How is Idaho in the middle of winter?

Cold. Montana in the middle of winter, driving through blizzards. Wyoming, Oregon and Washington all tough. It was never Seattle or Portland. It was always like Longview, Washington and Bend, Oregon. Bozman, Butte and random small markets in Idaho.

You would host?

Technically, featuring. They are two man shows so you do an extended host set. You go up cold and do 20/30 minutes to some bar or hotel lounge, or wherever they had the comedy night. I jumped into those pretty fast. I would drive to Seattle and host for free at The Comedy Underground, which turned out to be my audition for the Seattle Comedy Competition. I didn’t have much experience but I was real hungry. Then I tried the San Francisco Comedy Competition, but I didn’t fare as well.

Who won the year you did the SF competition?

Oh man. No idea. I want to say one year it was Rob Pue (2003), a Canadian comic. Don’t know what happened to that guy, he was young, good looking and crushed it in the competition. He even got some heat off it, which was rare, because usually nobody cares. He ended up going down to LA, got good representation and management and then he was back in Canada.

If you look at the first batch of years of the comedy competition you see some insane names. But the competitions don’t seem to have the push in a person’s career that they used to.

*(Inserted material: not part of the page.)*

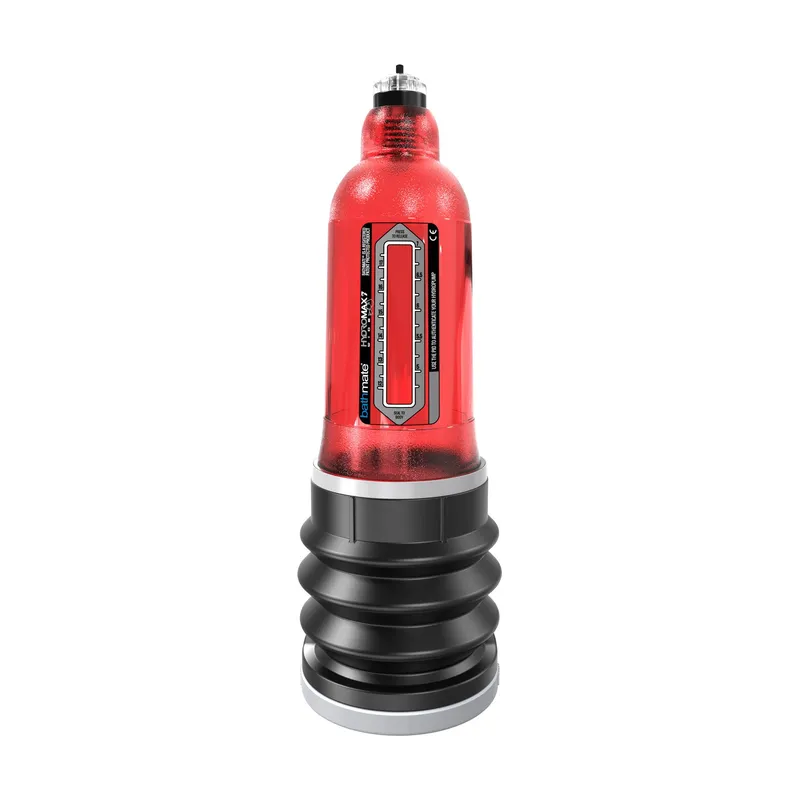 Bathmate Hydromax 7 Wide Boy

There used to be a more linear route to a career in stand-up and working clubs and theatres. Like, Steven Wright was an open mic comic in Boston and had a random chance sighting by a guy from The Tonight Show who was checking out collleges for his daughter. Did a great five minute set and Johnny Carson loved him and had him on again a few days later. And that made his career. He went from open mic to selling out comedy clubs. It’s really weird now. You can win on Last Comic Standing, like Dat Phan, but he has trouble selling out his backyard. Great guy, gets some good events, so do I. You would think winning would have more weight than that. Marcus was a runner-up, an impressionist out of Utah another year, he got second place and by the time the tour was over–in one year, he was back to just working small clubs in the Salt Lake area. Even with all that exposure, the guys calendar was empty.

Just goes to show. . .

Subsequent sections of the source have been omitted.